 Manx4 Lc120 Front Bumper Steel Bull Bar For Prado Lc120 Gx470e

┄┄┄┄┄┄┄┄┄┄

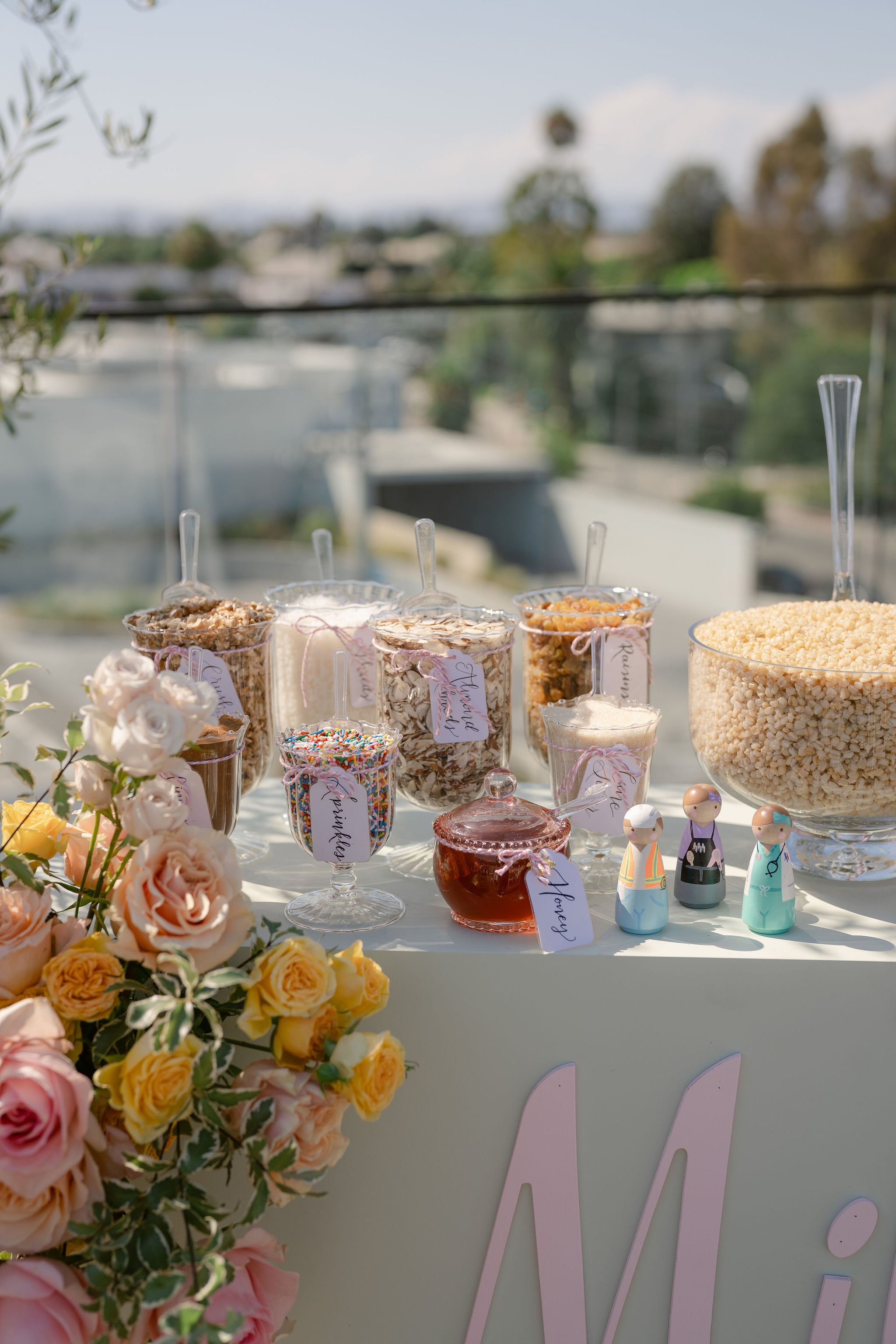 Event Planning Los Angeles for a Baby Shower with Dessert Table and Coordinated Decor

┄┄┄┄┄┄┄┄┄┄

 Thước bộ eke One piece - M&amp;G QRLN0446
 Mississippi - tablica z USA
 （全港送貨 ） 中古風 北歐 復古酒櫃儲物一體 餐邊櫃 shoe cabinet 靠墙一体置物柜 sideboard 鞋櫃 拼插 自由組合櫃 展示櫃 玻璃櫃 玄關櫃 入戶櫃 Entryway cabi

┄┄┄┄┄┄┄┄┄┄

**Task to carry out**. All lines above from the one with "Mississippi - tablica z USA" to the one with "入戶櫃 Entryway cabi", inclusive, should be copied exactly, and no other lines.

**Solution for this problem**.
 Mississippi - tablica z USA
 （全港送貨 ） 中古風 北歐 復古酒櫃儲物一體 餐邊櫃 shoe cabinet 靠墙一体置物柜 sideboard 鞋櫃 拼插 自由組合櫃 展示櫃 玻璃櫃 玄關櫃 入戶櫃 Entryway cabi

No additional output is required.